● Task prompt
Retype the listing below line for line, but only from the line with "829 trabalhos no" down to the line with "marché de la", inclusive. Pictures stay out.

[Given data — start]

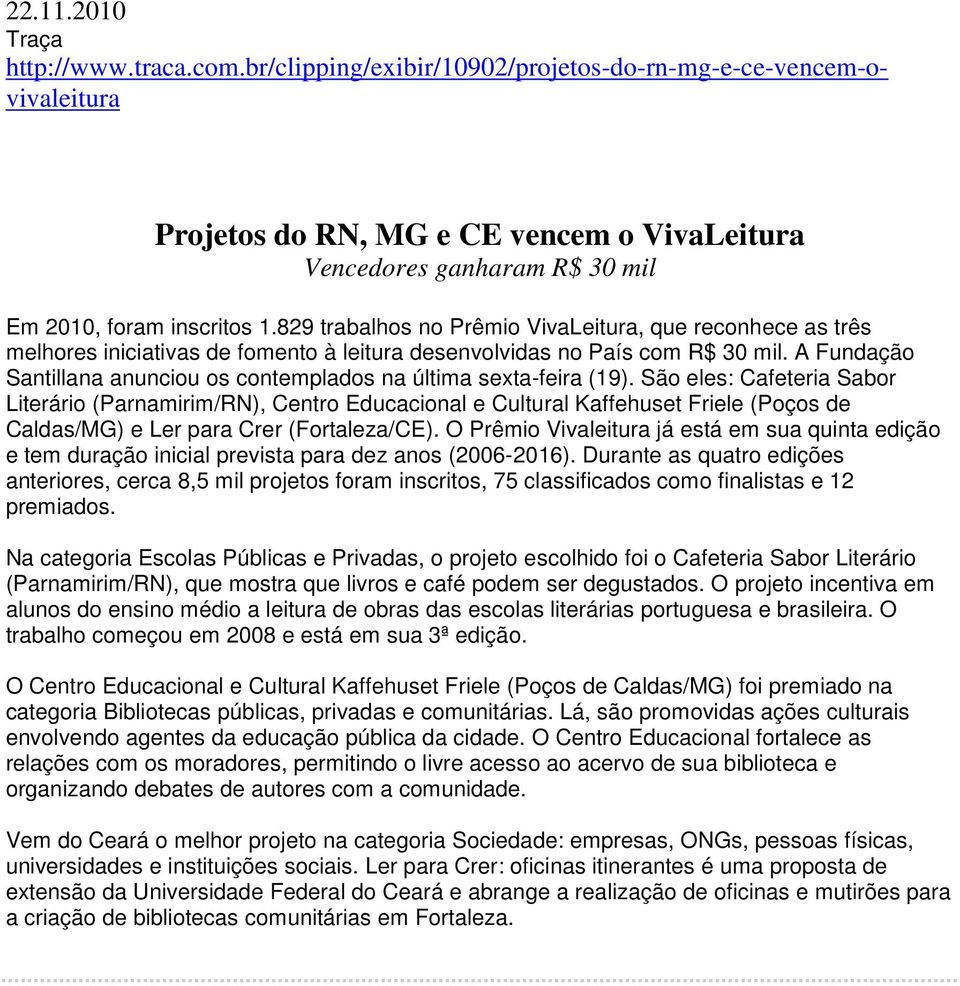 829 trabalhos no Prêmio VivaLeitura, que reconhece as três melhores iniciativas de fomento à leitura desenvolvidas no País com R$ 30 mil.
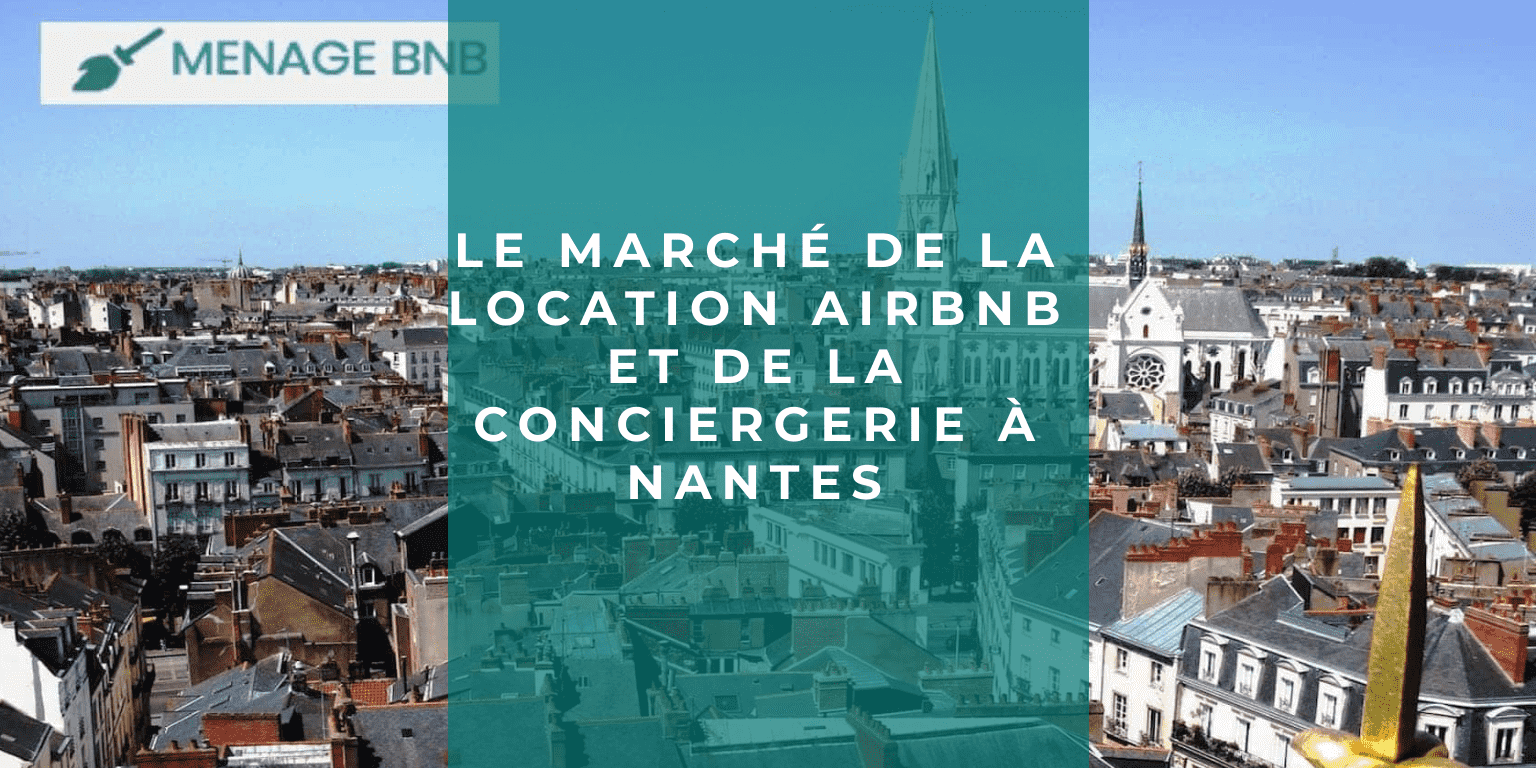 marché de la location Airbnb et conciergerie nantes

[Given data — finish]
[Given data — start]

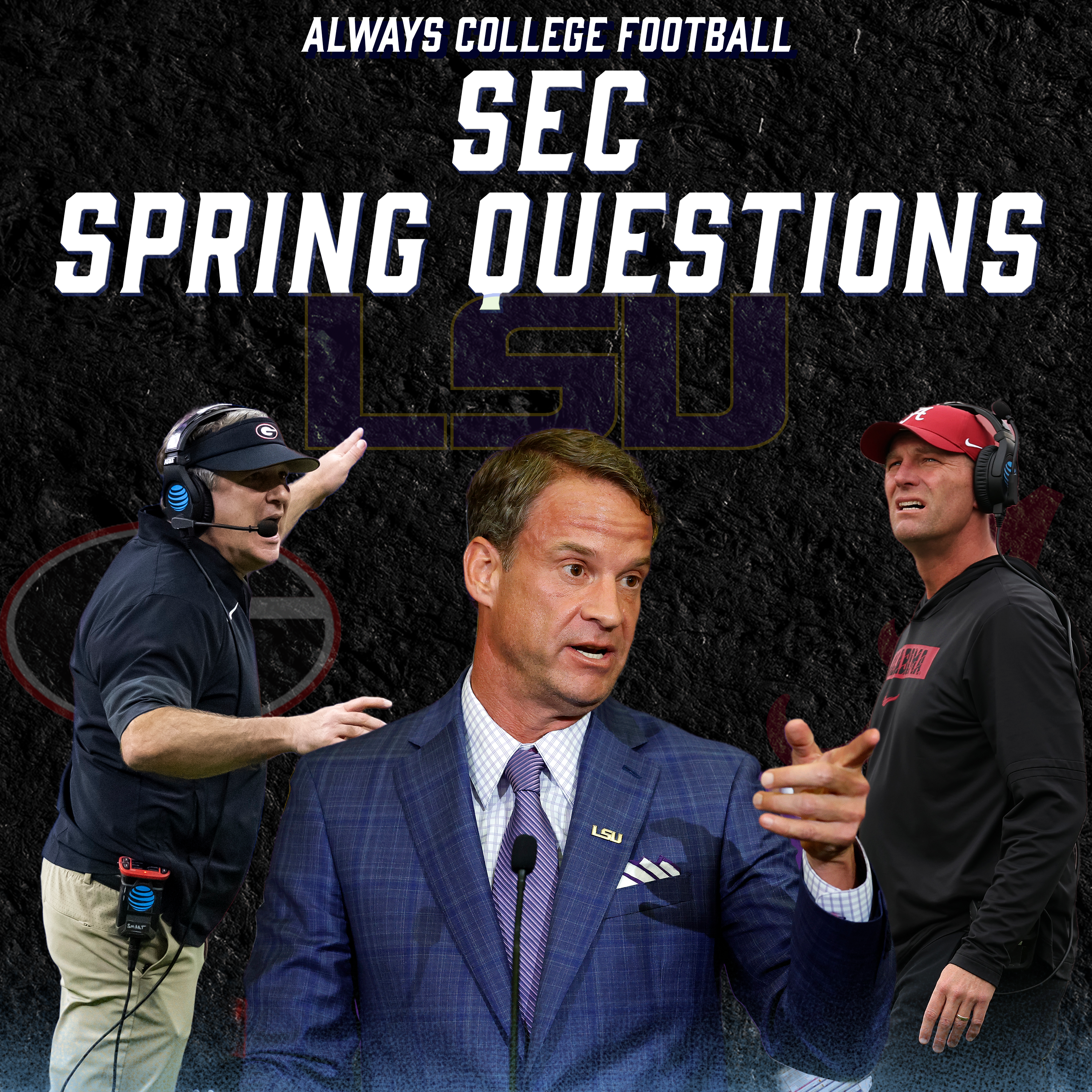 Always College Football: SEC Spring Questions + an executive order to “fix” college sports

[Given data — finish]

● Task output
 829 trabalhos no Prêmio VivaLeitura, que reconhece as três melhores iniciativas de fomento à leitura desenvolvidas no País com R$ 30 mil.
 marché de la location Airbnb et conciergerie nantes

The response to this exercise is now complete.